Baltimore Ravens quarterback Joe Flacco has established himself as a postseason winner with an 8-4 career mark in the playoffs. Meanwhile, San Francisco 49ers signal-caller Colin Kaepernick seems to be redefining how the QB position is played. If you were starting an NFL franchise from scratch, which young quarterback would you want on your team?
In the week leading up to the NFC Championship Game, 49ers cornerback Carlos Rogers told me something about Colin Kaepernick that impressed me: Rogers said he believes Kaepernick has staying power in this league because of his comfort and ability under center. In other words, he isn't just a read-option quarterback. We started to see that in his second-half performance against the Atlanta Falcons, which is hugely important when predicting his long-term future.
While I'm a fan of Joe Flacco, Kaepernick's versatility simply makes him too appealing to pass up.
Colin Kaepernick. Although we primarily think of him as a runner, he also is a good thrower. That would allow me to acquire versatile personnel -- including backup quarterbacks who are either pocket passers or runners -- and keep me from having to tinker with the offense much.
I've spoken to someone close to Kaepernick who said the quarterback's drive and focus are off the charts. We've seen how poised he has remained under some pretty adverse circumstances. This isn't a young QB playing caretaker. He is making plays to win games.
This isn't an easy decision. Joe Flacco has had his share of critics during his young career, but his postseason success speaks for itself. He has outstanding arm talent and is a better athlete than he gets credit for being.
That said, I would choose to start my franchise with the hyper-athletic Colin Kaepernick. NFL offenses continue to evolve; he'll provide the skill set to incorporate a thicker playbook.
When you lay out the numbers of Joe Flacco's young career, it is very hard to pick against him. But the offensive diversity that Colin Kaepernick provides is too exciting to pass over. Kaepernick can create explosion plays in both the pass and running games.
As good as Joe Flacco has become, Colin Kaepernick is the wave of the present -- and future. Colleges are starting to exclusively manufacture the dual-threat QB now.
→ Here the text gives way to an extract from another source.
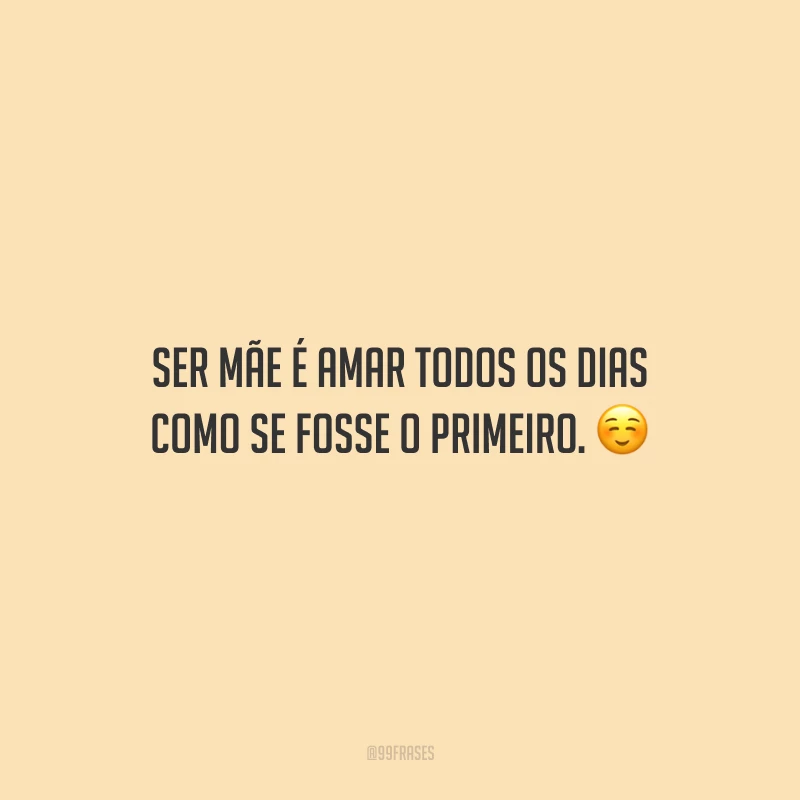Ser mãe é amar todos os dias como se fosse o primeiro.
Everybody has to have one.
But what really tilts me toward Kaepernick instead of Flacco is this: If your team has the ball on its own 40-yard line, Flacco is capable of throwing a 60-yard bomb for a touchdown. Kaepernick is capable of throwing a 60-yard TD pass, too -- and running for one. You just can't account for the value of a player who not only can make things happen with his legs when protection breaks down but is a threat on designed runs, as well.
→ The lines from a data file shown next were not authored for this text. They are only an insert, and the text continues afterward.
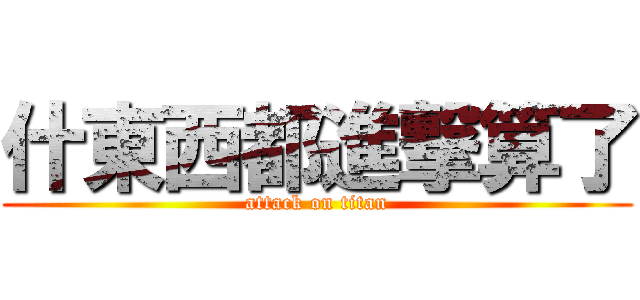 什東西都進撃算了 (attack on titan)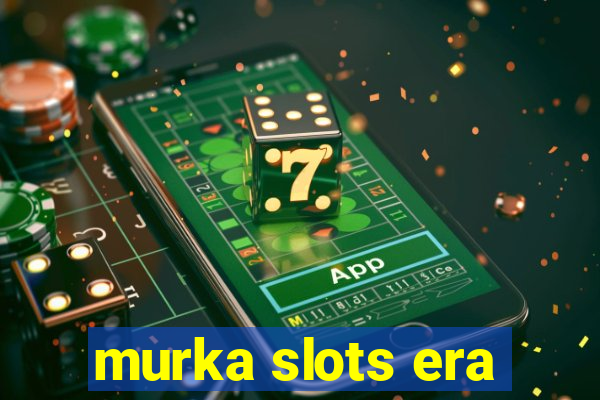 murka slots era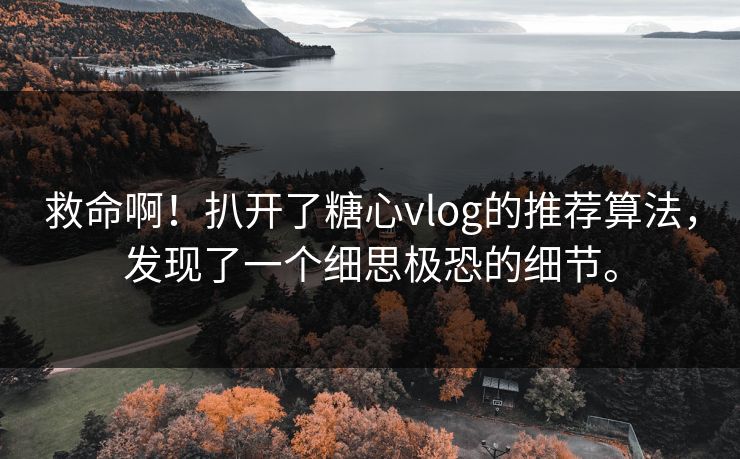 救命啊！扒开了糖心vlog的推荐算法，发现了一个细思极恐的细节。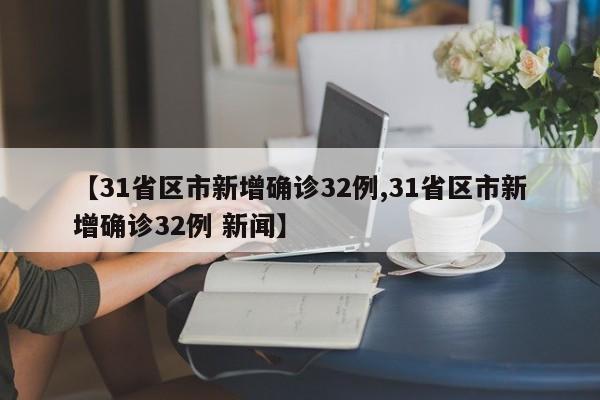 【31省区市新增确诊32例,31省区市新增确诊32例 新闻】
I would want Colin Kaepernick. His mobility is far superior to Joe Flacco's. I mean, that's like comparing a Porsche 911 to an '83 Pulsar. But I digress ...
Kaepernick has shown that he can throw the football very well, particularly on intermediate throws. He might not have Flacco's incredible touch in the vertical game, but for a guy with just nine NFL starts under his belt, he's shown ridiculous upside. At this point with Flacco, we know what we're getting. He's a good quarterback who doesn't complete a high percentage of his passes but can seriously hurt teams with the deep ball and plays relatively well in the postseason. The sky might be the limit with Kaepernick, even though the jury is still out at this point. Nonetheless, if you're starting from scratch, it's all about upside.
Joe Flacco certainly has earned himself a ton of money during this postseason run. And he should be considered among the game's best, given what he's done in the playoffs over the past two years -- scratch that, his whole career.
But Colin Kaepernick is the future of the NFL. He does things on the field no other quarterback has done before. If there were a re-draft for the NFL right now, I'm not sure how many quarterbacks I would take over Kaepernick. It's less than five, but probably more than one.